Rebecca V. August 19, 2013
Rest of answer disappeared, hmmm... it said: <$10, goes up to 400F, glass bulb protected at bottom, heatproof handle, tall enough not to fall into pot, dishwasher safe.
marialissio August 18, 2013
Wow I just learned a valuable lesson. Thanks Cynthia. I had a go at making caramel once and only once. It was a disaster. I might have another go now.
boulangere August 18, 2013
If you are using a mercury-filled candy thermometer, it can't be calibrated the way you would a bi-metalic stemmed thermometer. What you can do is immerse it in boiling water, which if you live at or near sea level, boils at of course 212º F (every 500' increase in elevation means a 1º decrease in the temperature at which water boils, so know your elevation and do the math).

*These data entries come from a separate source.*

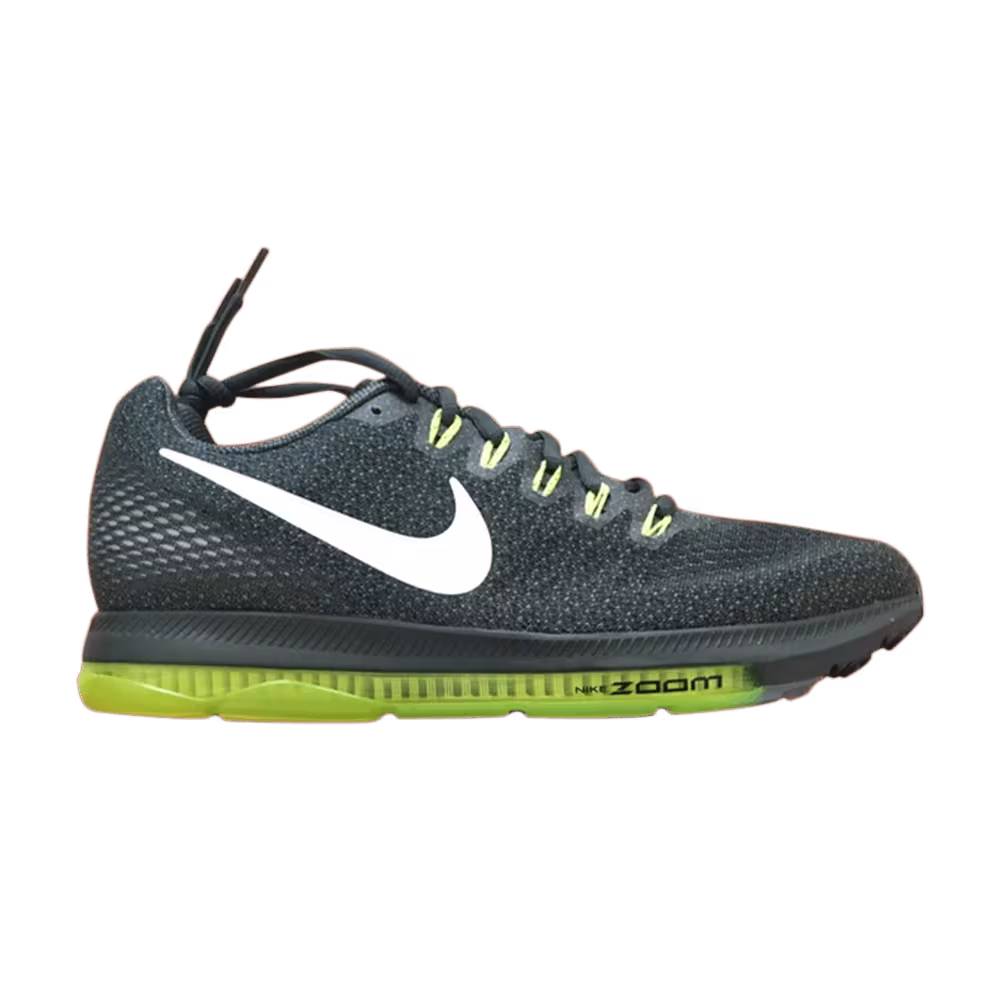 Nike Zoom All Out Low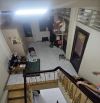 BÁN NHÀ P.13 Q.10-GIÁP QUẬN 3-SÁT CMT8-GẦN CÔNG TRƯỜNG DÂN CHỦ-41.5M²-4LẦUBTCT-GIÁ5.99TỶTL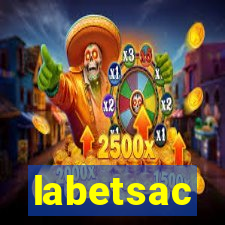 labetsac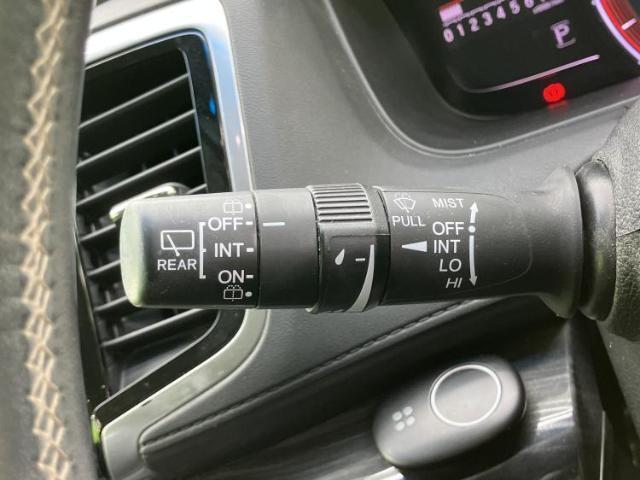 Ref:AUX-22744652 HONDA ODYSSEY 2014 17 Ref:AUX-22744652 HONDA ODYSSEY 2014 - Image 17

See where your thermometer registers and adjust your cooking time and temp accordingly, much like taking a reading of you oven with an oven thermometer. If you're using an average $10 bi-metalic stemmed thermometer, which you can calibrate, it isn't going to do you a lot of good, as its upper register is around 160º, well below caramel range. Bi-metalic stemmed thermometers that register up to 300º to 500º are available, but for a price: $100 to $300. Clearly, boiling some water and testing your mercury-filled thermometer cuts to the chase much more affordably.

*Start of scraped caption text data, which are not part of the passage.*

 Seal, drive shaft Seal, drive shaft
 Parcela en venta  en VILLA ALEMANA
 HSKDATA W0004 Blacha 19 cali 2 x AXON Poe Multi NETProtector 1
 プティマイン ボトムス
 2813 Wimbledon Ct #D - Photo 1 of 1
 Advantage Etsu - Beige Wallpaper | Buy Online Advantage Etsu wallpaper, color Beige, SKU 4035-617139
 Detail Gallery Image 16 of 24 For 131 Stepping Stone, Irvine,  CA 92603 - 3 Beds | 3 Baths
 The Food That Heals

Caramel which doesn't set has generally been undercooked. In other words, not enough water has been driven off. Testing your thermometer will help you in that regard, but watching it for color and smelling its aroma will do achieve the same end. Once it takes on a deep amber color and begins to give off a deeply cooked scent, you're there. It takes vigilance. Don't step away to check email. If it smells scorched, it is. If it bursts into flames, call 911.
Lindsay-Jean H. August 18, 2013
Could your thermometer be off? Maybe try calibrating it if you haven't recently.